Bernardino. In tavola.

Quando le tre Villeggiature apparvero nel tomo XI del Pasquali, Domenico Caminer nel suo Giornale enciclopedico ne recò quest’apprezzamento, sensatissimo seppur non peregrino. Noi lo riportiamo quasi corollario alle nostre Note.
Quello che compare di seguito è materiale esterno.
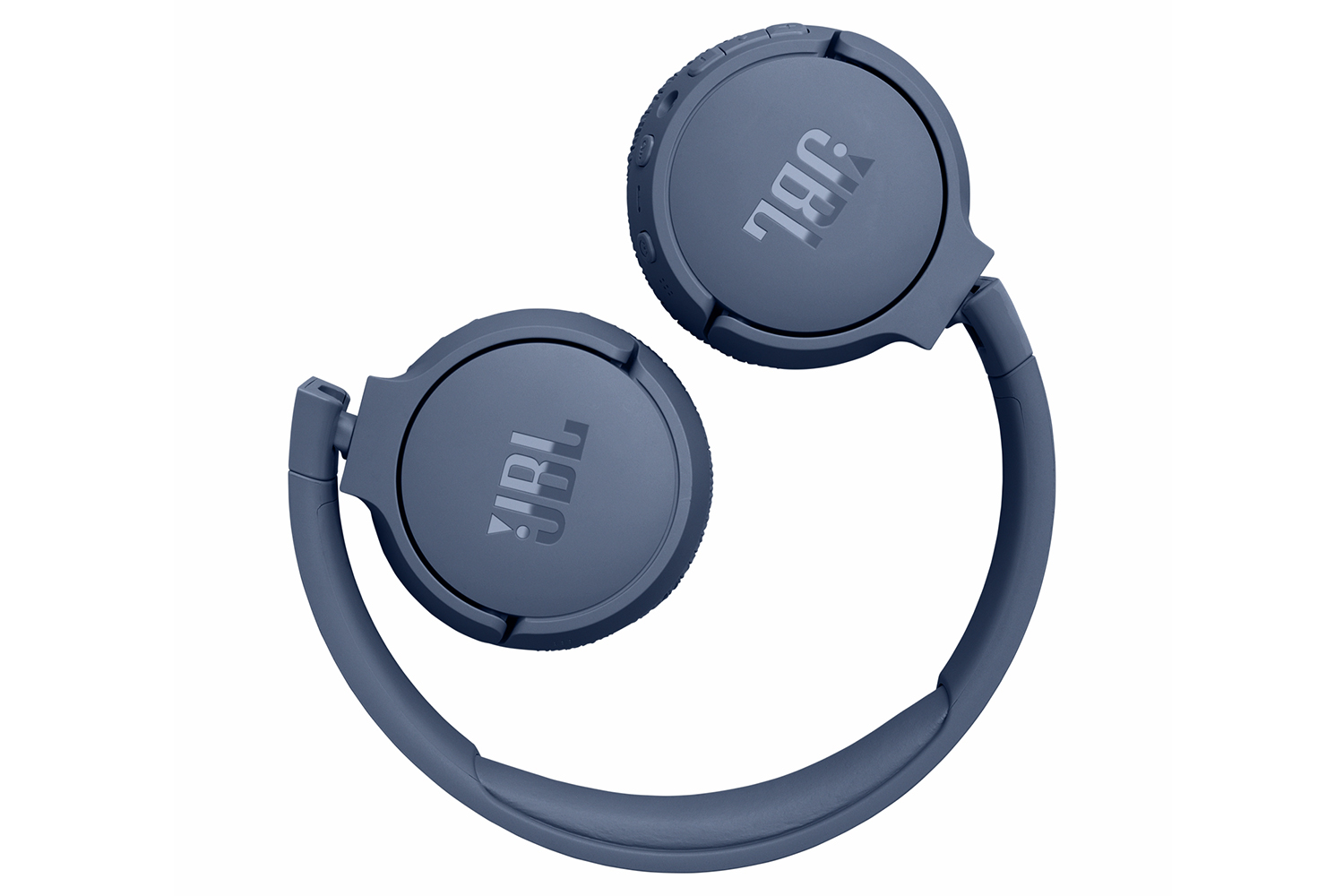 JBL Tune 670NC Wireless Over Ear Noise Cancelling Headphone Blue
Nelle tre Villeggiature «l’Autore ha sparso tutto quel ridicolo che pur troppo hanno le villeggiature d’oggidì, nelle quali non il respiro di aria aperta, e migliore di quella delle città, non un’attenzione a’ propri interessi rurali, ma una dissipazione di corpo, di borsa, e danni forse maggiori ne sono il frutto. Trattavasi di illuminare i propri concittadini intorno ad un punto ben delicato per il genere di quelli che al ridicolo e ad una critica salutare voleva sommettere, e vi riuscì egregiamente, trattando il suo argomento con quella leggiadria, con que’ riguardi, e con quella decenza, che spirano in tutte le sue Opere. Come nelle altre, lasciò anche in queste la Satira insultante, l’allegorico, che inteso solo da chi lo scrive è inutile, o rilevato è condannabile sul Teatro, a sozzi e villani scrittori, se pur ve n’ha di questi l’Italia nostra, che meritino qualche attenzione» (Tomo I, genn. 1774).

E. M.


Il Ritorno dalla villeggiatura fu impresso la prima volta a Venezia, l’anno 1773, nel t. XI dell’ed. Pasquali e fu poi ristampato, sempre di seguito alle Smanie per la villegg. e alle Avventure della villegg. a Torino (Guibert e Orgeas XIV. 1 774), a Bologna (a S. Tomaso d’Aquino, 1775), a Venezia ancora (Savioli e Pitteri XV, 1780; Zatta, cl. I, t. II, 1789; Garbo III, 1794), a Livorno (Masi XI, 1789), a Lucca (Bonsignori XVII, 1789) e forse altrove nel Settecento. La data della prima recita che leggesi nella intestazione delle varie edizioni «nel Carnovale dell’anno MDCCLXIII», risulta fantastica. — La presente ristampa seguì principalmente l’ed. Pasquali, approvata dall’autore e più fedele. Valgono le solite avvertenze.